▸ TASK MATERIAL
# # # # #

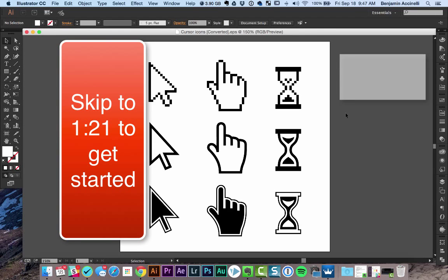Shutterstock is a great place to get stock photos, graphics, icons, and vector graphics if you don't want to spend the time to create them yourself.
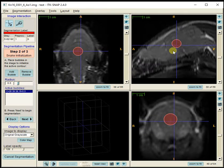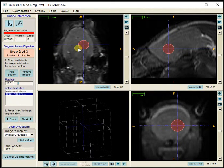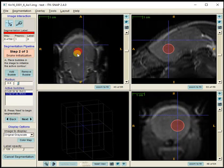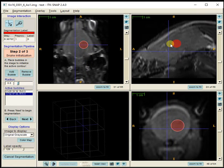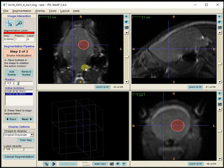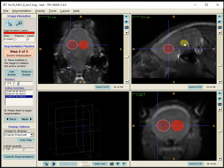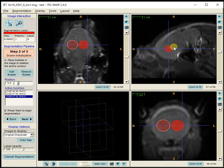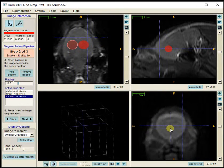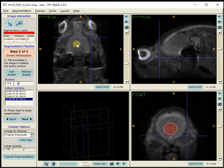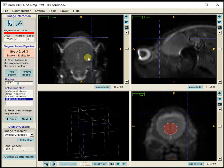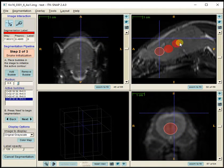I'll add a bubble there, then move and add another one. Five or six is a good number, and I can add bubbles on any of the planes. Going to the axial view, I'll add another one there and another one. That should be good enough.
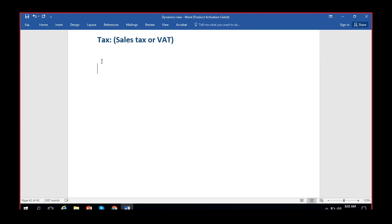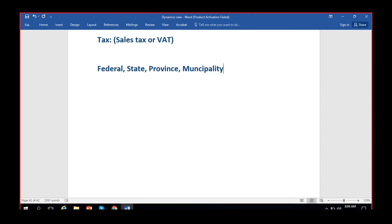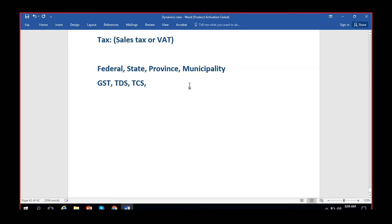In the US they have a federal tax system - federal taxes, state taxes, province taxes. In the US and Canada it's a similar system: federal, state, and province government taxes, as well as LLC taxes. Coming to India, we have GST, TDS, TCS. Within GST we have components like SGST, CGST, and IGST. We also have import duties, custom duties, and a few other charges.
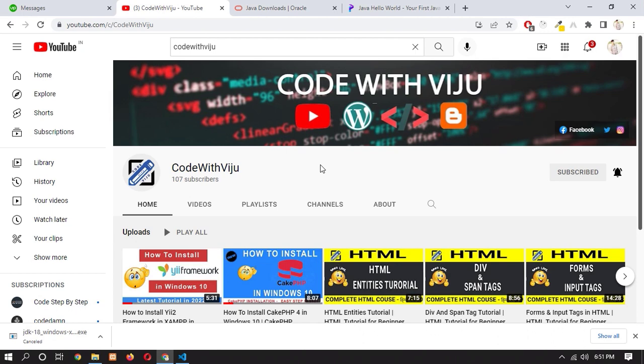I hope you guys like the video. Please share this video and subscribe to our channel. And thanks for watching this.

# # # # #

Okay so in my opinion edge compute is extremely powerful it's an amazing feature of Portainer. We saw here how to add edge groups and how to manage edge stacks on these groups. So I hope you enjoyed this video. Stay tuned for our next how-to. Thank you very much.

# # # # #

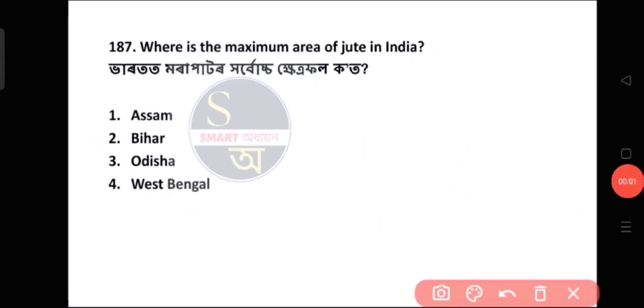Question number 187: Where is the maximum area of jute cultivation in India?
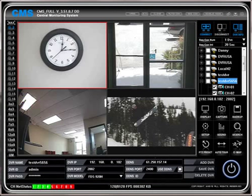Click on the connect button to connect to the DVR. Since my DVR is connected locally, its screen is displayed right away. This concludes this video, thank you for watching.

# # # # #

▸ WHAT IS REQUIRED
Pictures are to be left out. Write out only the lines above starting at the one with "I'll add a bubble" and ending at the one with "I hope you guys", both lines included, exactly.

▸ COMPLETED TASK
I'll add a bubble there, then move and add another one. Five or six is a good number, and I can add bubbles on any of the planes. Going to the axial view, I'll add another one there and another one. That should be good enough.
In the US they have a federal tax system - federal taxes, state taxes, province taxes. In the US and Canada it's a similar system: federal, state, and province government taxes, as well as LLC taxes. Coming to India, we have GST, TDS, TCS. Within GST we have components like SGST, CGST, and IGST. We also have import duties, custom duties, and a few other charges.
I hope you guys like the video. Please share this video and subscribe to our channel. And thanks for watching this.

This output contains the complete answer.